MADANINEWS.ID, TANGERANG – Direktur Jenderal Penyelenggaraan Haji dan Umrah Kementerian Agama, Hilman Latief, menekankan pentingnya keselarasan regulasi antarnegara dalam penyelenggaraan haji. Hal ini ia sampaikan saat paparan di Rapat Kerja Nasional (Rakernas) Evaluasi Penyelenggaraan Ibadah Haji 1446 H/2025 M di Tangerang, Selasa (29/7/2025).
“Isu penting yang ingin saya soroti adalah inter-state regulation, bahwa penyelenggaraan haji tidak cukup hanya mengacu pada regulasi nasional, tapi juga harus selaras dengan kebijakan yang berlaku di Arab Saudi,” ujar Hilman.
Hilman menjelaskan, perubahan kebijakan haji dan umrah di Arab Saudi pascapandemi Covid-19 berdampak besar pada tata kelola haji negara-negara pengirim jemaah, termasuk Indonesia. Transformasi ini ditandai dengan meningkatnya peran sektor swasta di bawah kebijakan pemerintah Saudi.
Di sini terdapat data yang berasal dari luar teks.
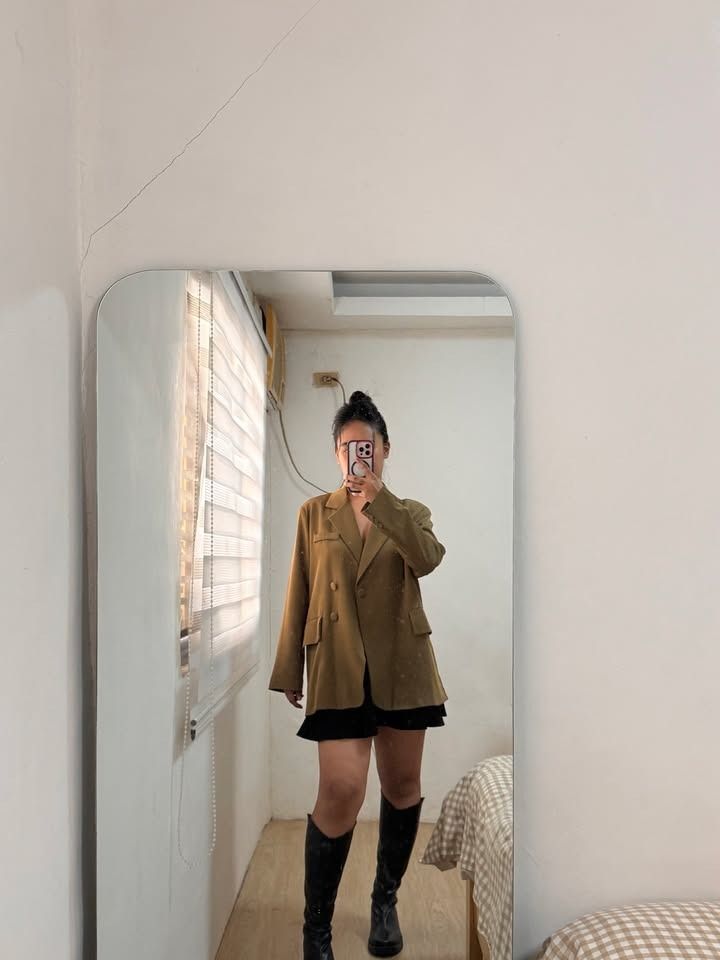 Oversized Blazer/Coat (Category: Coats, Jackets and Outerwear) located in Quezon City. Submitted by jeriehhhhh (Listing ID 1462975386, Image 1). Description: 🧥 SPRING COAT FOR SALE ❄️🌸 Selling my spring coat, used only once and still in excellent condition! ✨ • Gently used — worn only once • Clean and well-maintained • Perfect for cold weather, travel, or autumn trips • Stylish and easy to pair with different outfits • No major stains, damages,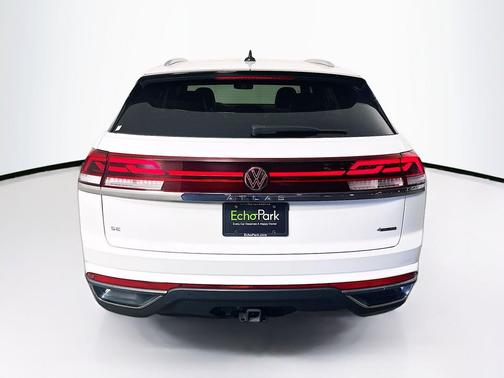 Deep Black Pearl 2024 Volkswagen Atlas Cross Sport 2.0T SE w/Technology 4MOTION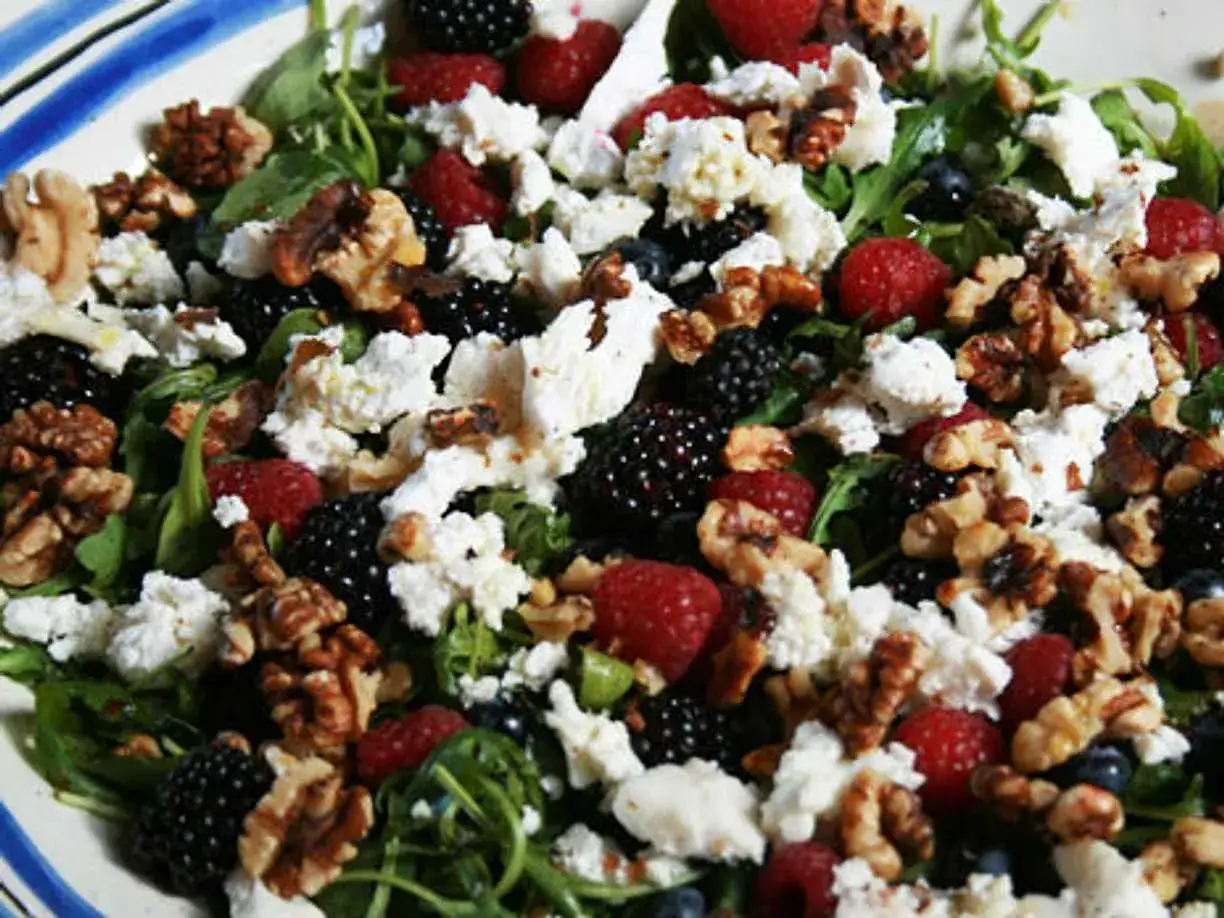 En h&auml;rlig somrig sallad med f&auml;rska b&auml;r, valn&ouml;tter och ost. Perfekt f&ouml;r en varm sommardag.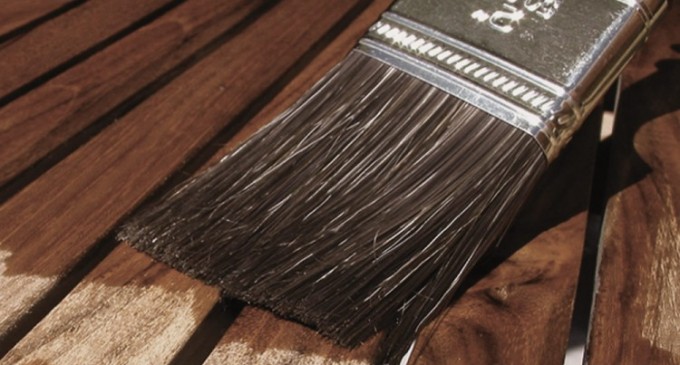 Cum se protejeaza corect lemnul?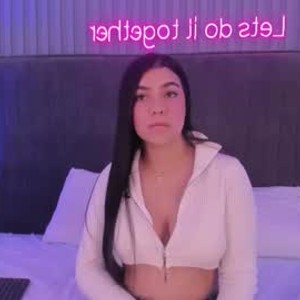 chaturbate bella_snoww webcam profile pic via watchgirlcam.com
Sistem Syarikah dan Dinamika Layanan Haji
Hilman menguraikan bahwa sejak 2022 Saudi menerapkan layanan berbasis Muassasah. Tahun 2023 muncul nomenklatur Syarikah yang awalnya mirip dengan Muassasah, namun pada 2024 diatur ketentuan baru: satu perusahaan hanya boleh melayani maksimal 100.000 jemaah.
“Tahun ini, Saudi membuka lebih banyak syarikah, termasuk yang non-muassasah, untuk melayani jemaah dari berbagai negara. Dan untuk 2026 mendatang, kemungkinan diberlakukan sistem multisyarikah terbatas, di mana misi haji dengan lebih dari 100.000 jemaah bisa dilayani lebih dari dua syarikah, tentu dengan izin khusus dari Kementerian Haji Arab Saudi (Kemenhaj),” paparnya.
Perlu Sinergi Nasional dan Internasional
Menurut Hilman, dinamika kebijakan ini menuntut kesiapan dan sinergi lintas sektor.
“Di dalam negeri, perlu kolaborasi erat antar kementerian dan lembaga seperti Kementerian Kesehatan, Kementerian Perhubungan, Pemda, TNI/Polri, maskapai penerbangan, otoritas bandara, perguruan tinggi, pondok pesantren, penyedia katering, hingga ormas Islam. Di luar negeri, kita harus memperkuat koordinasi dengan GACA, rumah sakit, rumah pemotongan hewan, SFDA, serta para penyedia layanan (syarikah) di Arab Saudi,” tandasnya.
Rakernas Evaluasi Haji 2025 berlangsung 28–31 Juli 2025 dengan melibatkan BPH, Komisi VIII DPR RI, Kedutaan Besar Arab Saudi, Kementerian/Lembaga terkait, BPKH, dan Kanwil Kemenag seluruh Indonesia. Forum ini diharapkan menghasilkan arah kebijakan penyelenggaraan haji yang lebih sinergis dan berkelanjutan.